The Downside of Objective Metrics As Christian and Griffiths explain, using an objective measurement makes it easier for you to compare options. However, this strategy can easily backfire. If the metric you’re using misaligns with what you’re trying to accomplish, you could end up chasing the wrong goals and sabotaging yourself. For example, if you judge airline tickets based on their price and nothing else, you may find yourself on a cheap but miserable sixty-hour-long string of connecting flights, ruining your vacation. This kind of misalignment is very difficult to spot—humans have a powerful cognitive bias that causes them to equate the metric used to measure a strategy’s progress with the strategy itself. Psychologists have termed this phenomenon “surrogation”: Instead of thinking through what airline ticket will result in the best vacation, you implicitly assume that the cheapest airfare means the best vacation. How can you prevent this from happening to you? Research has shown that using multiple metrics instead of just one greatly reduces the risk of surrogation. When you’re evaluating a series of options, rating them on multiple scales keeps your brain focused on the overarching goal instead of getting attached to any one measurement. |
Rule #3: If exploring has a cost, commit earlier.
Finally, if every additional option you consider comes with a cost, Christian and Griffiths advise you to commit earlier if you expect the best option will cost more to wait for than it’s worth.
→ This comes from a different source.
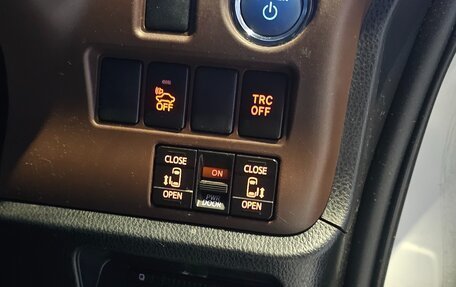 Toyota Esquire I, 2015 год, 2 150 000 рублей, 14 фотография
For example, if a farmer’s trying to sell a cow, every offer he turns down means he’ll have to continue to pay for its food and care until the next offer comes in. If the expenses of waiting outweigh the additional cash expected from the next better offer, the farmer should commit to selling the cow before the “optimal” time. This is easier to calculate if you have a way to objectively measure your options, as we just discussed.
Christian and Griffiths note that in real life, all optimal stopping problems involve some exploration cost. Every week you go without accepting a job costs you significant living expenses. Additionally, even if there’s no other cost involved, you always incur the cost of lost time. Christian and Griffiths theorize that this perceived time cost is why most people in the real world commit earlier than 37% of the way through their options.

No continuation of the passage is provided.